Continuous Monitoring - TeraLogics/TotalBriecall GitHub Wiki

Continuously Monitoring for Rancid Cheese

Total Briecall uses several different monitoring technologies to make sure our customers don't experience downtime and that we are notified of issues before the customer is impacted.

We use Pingdom, New Relic, and StatusPage.io to help us report on different statistics including:

Uptime
Response Time
Memory Utilization
Errors
Avg Throughput
Transaction Response Time (DB and Web)
Total Instances (Dynos)
SLA
Scalability

These tools integrate with Heroku and with the actual code to report issues to our devops team.

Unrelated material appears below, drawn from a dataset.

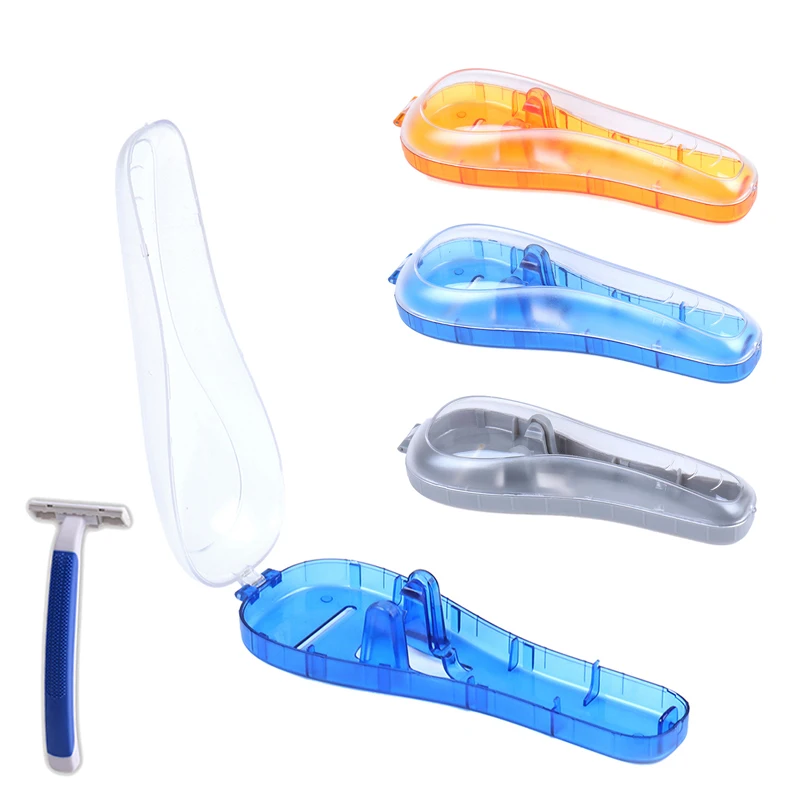 

Men's Shaver Storage Box Transparent Plastic Holder Portable Travel Razor Case High Quality Shaving Box Containers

Our status page can be found here.

New Relic

This tool monitors the internals of our application providing in-depth analysis of our NodeJS processes for all of our applications and provides a dashboard to monitor key metrics.

Apps Dashboard

Error Reporting

New Relic reports any errors that are produced in the code which help our teams to identify issues as they happen and provide state information so the errors are easy to troubleshoot, fix, unit test, run through the CI system, and ultimately deploy automatically.

Error Events

SLAs

Because New Relic is integrated into our code, it can report transaction level statistics. This allows us to implement SLAs for our API and notifies our teams if those SLAs are broken. This is important to determine slow transactions and also to alert our teams to larger system problems with external resources, such as third party APIs and data stores.

SLA Report

Once an anomaly is detected our operations teams can then view specific transactions that might be causing issues whether they be datastore, external, or web.

External Services

This report show metrics against the openFDA database to ensure that even though we are using external APIs to provide data, that our users are getting the best experience possible.

External Services

Datastore Performance

These reports provide real-time and historical views of DB performance.

DB Transactions DB Report

Web Performance

These reports provide information about real-time and historical web transactions, which help our teams determine the overall performance of our system and can identify slow resources.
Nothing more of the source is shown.